In other words, according to this principle, you should use more or less the same strategy in planning your training as that which contestants on “The Price Is Right” use in trying to win the final Showcase Showdown. If you are not familiar with that show, the Showcase Showdown is a game in which two contestants try to guess the total value of a collection of products. Whoever gives the closest estimate wins, but if you guess too high, you are automatically eliminated from contention for the grand prize – which is the very collection of products whose value you’re guessing. So the winning strategy is to guess conservatively, but not too conservatively. You don’t want to miss by much, but if you do miss, you want to guess low.
Is this in fact also a good strategy to use in planning endurance training? I think it depends on the athlete. Certainly there are lots of athletes who aim for 100 percent optimal training and would say that they are consistently able to attain it or something close to it without overtraining. But there are probably at least as many athletes who run into trouble.
Take me, for example. It has been a long time since I completed a training cycle that yielded a satisfactory peak race result. Most have been ruined by injuries, one by overtraining. My approach has been to train as hard as necessary to achieve my goal, and my goal is always to perform better than I ever have before (e.g. set a marathon PR). The methods I have used to avoid overtraining and injury have been to increase my training load gradually and to listen to my body and rest and recover whenever necessary. But these methods have proven themselves to be inadequate.
After my latest disappointment—a rash of overuse injuries that forced me to scratch from an Ironman qualifier—I decided it was time to try something different. Specifically, I have decided to train much more conservatively for my next big race (a half Ironman next spring). But I am not simply going to train less than I normally would. Instead I am going to shorten my ramp-up. In other words, I am going to ramp up my training as I normally do, but I will start the process closer to my “A” race than I normally would, and will consequently peak at a lower maximum training load.
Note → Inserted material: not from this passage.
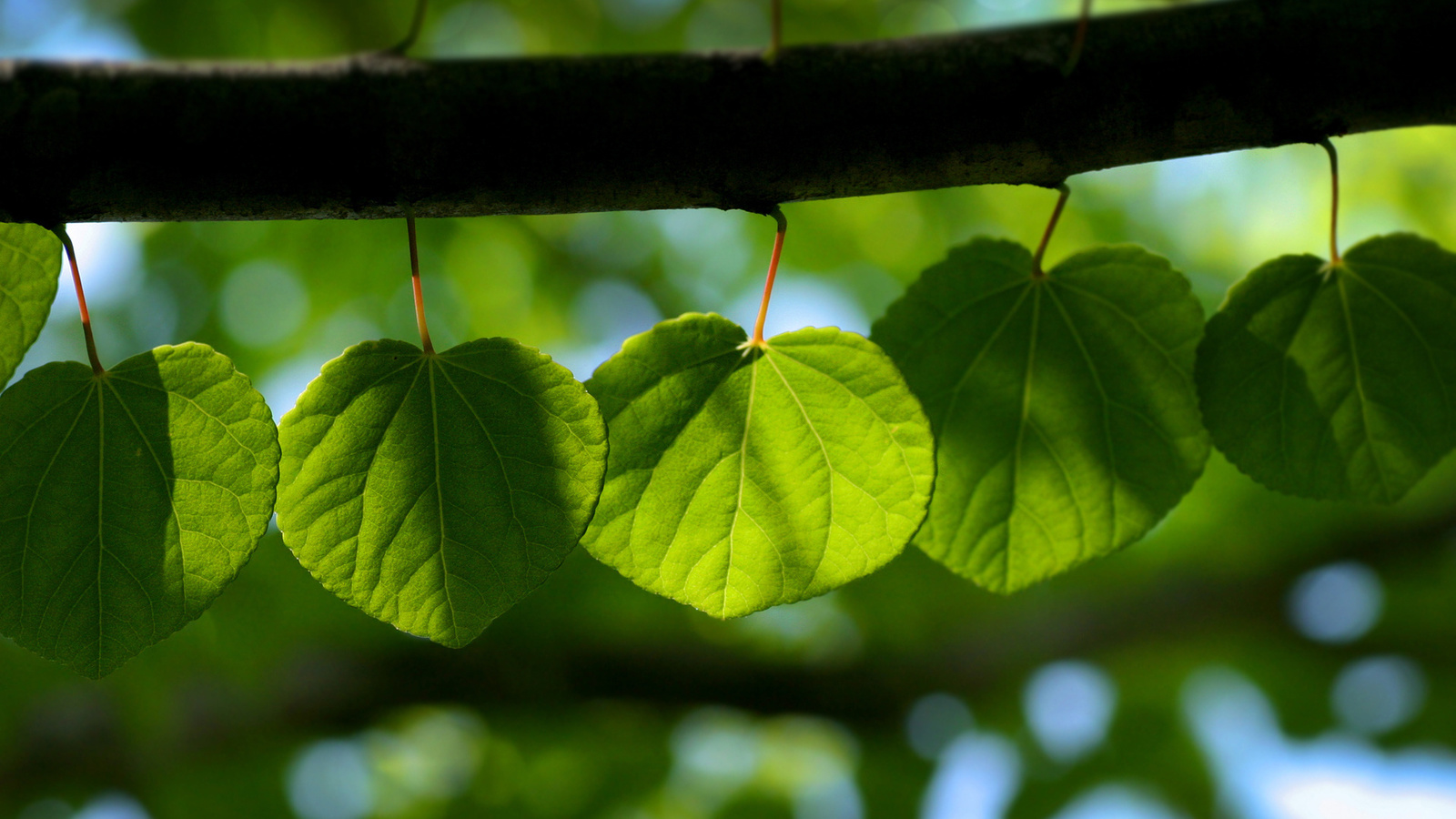 , leaf wallpapers, , , ,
Have you noticed that endurance athletes commonly perform better in tune-up races than they do in A races? This phenomenon is especially common in distance running. I think it happens because athletes often compete in tune-up races when they are just fit enough to make racing worthwhile, yet still relatively fresh. But they simply train too long for their A races and burn out before they happen—or get injured.
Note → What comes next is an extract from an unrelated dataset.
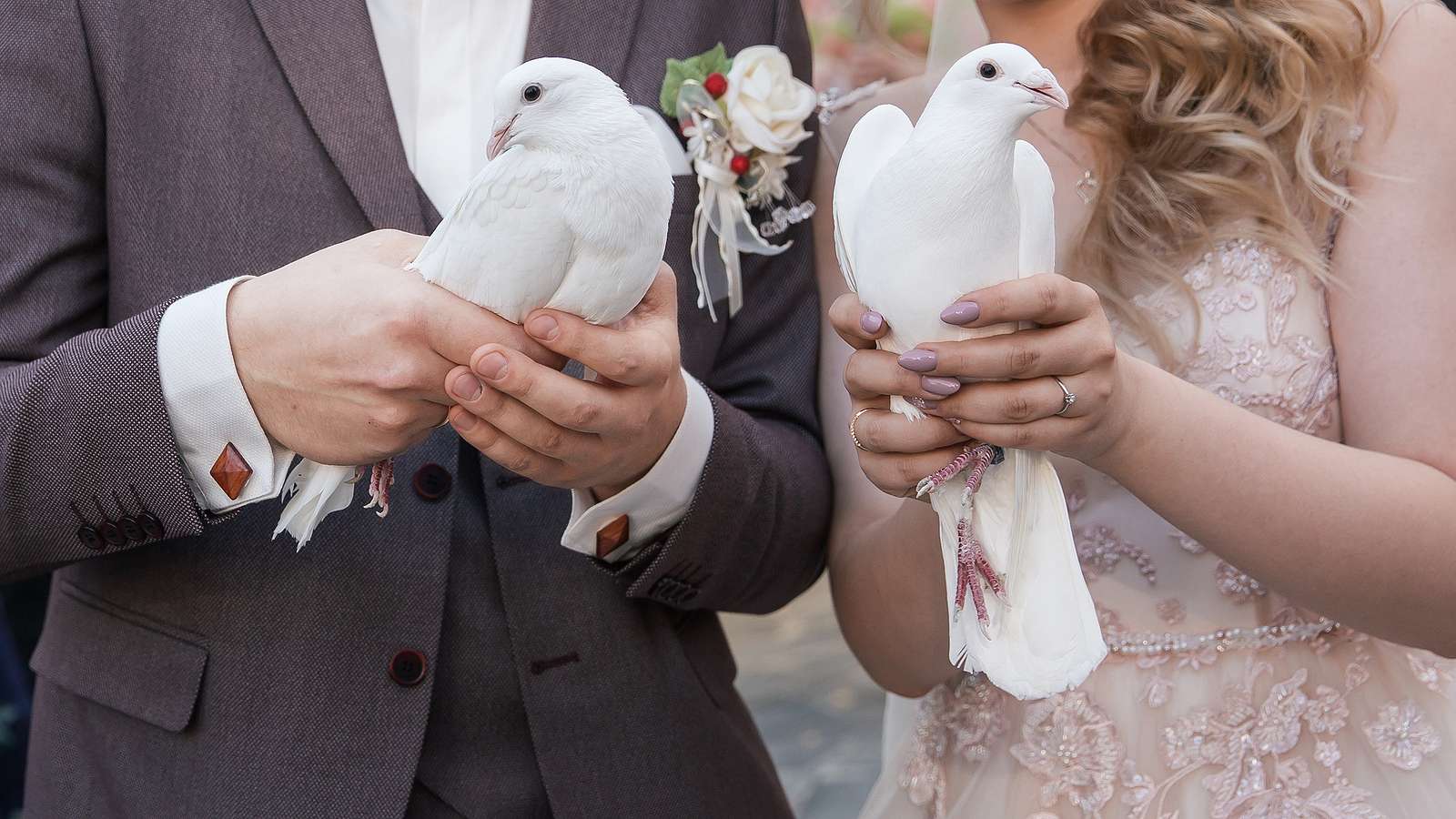 We're Members of the National Dove Registry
Looking back, I can identify some point within each of my training cycles that ended in injury or in a disappointing A race when I felt awesome. The training always works, and works well enough long enough to produce good results in tune-up races. The injuries and burnouts occur not because I train too hard but instead because I prolong the ramp-up process excessively. So my new strategy is to do my next A race when I would normally do my first tune-up race. If my normal ramp-up for a half Ironman is, say, 16 weeks, my next one may be 10 weeks. Those 10 weeks will be more or less identical to the first 10 weeks of my normal 16-week ramp-up.
This is not something I would have ever done unless I felt I had to. But I am pretty confident that it will work out. Endurance athletes get at least 95 percent of their maximum performance potential from the first 80 percent of their maximum possible training load. But the risk of injury and overtraining at 80 percent of maximum training is significantly lower than it is at 100 percent. And since I have never in my life achieved 100 percent fitness, because of all the injuries I have suffered, I’m really not sacrificing anything in taking this more conservative approach.
You have been often frustrated by injuries or overtraining, you might want to consider trying deliberate undertraining too.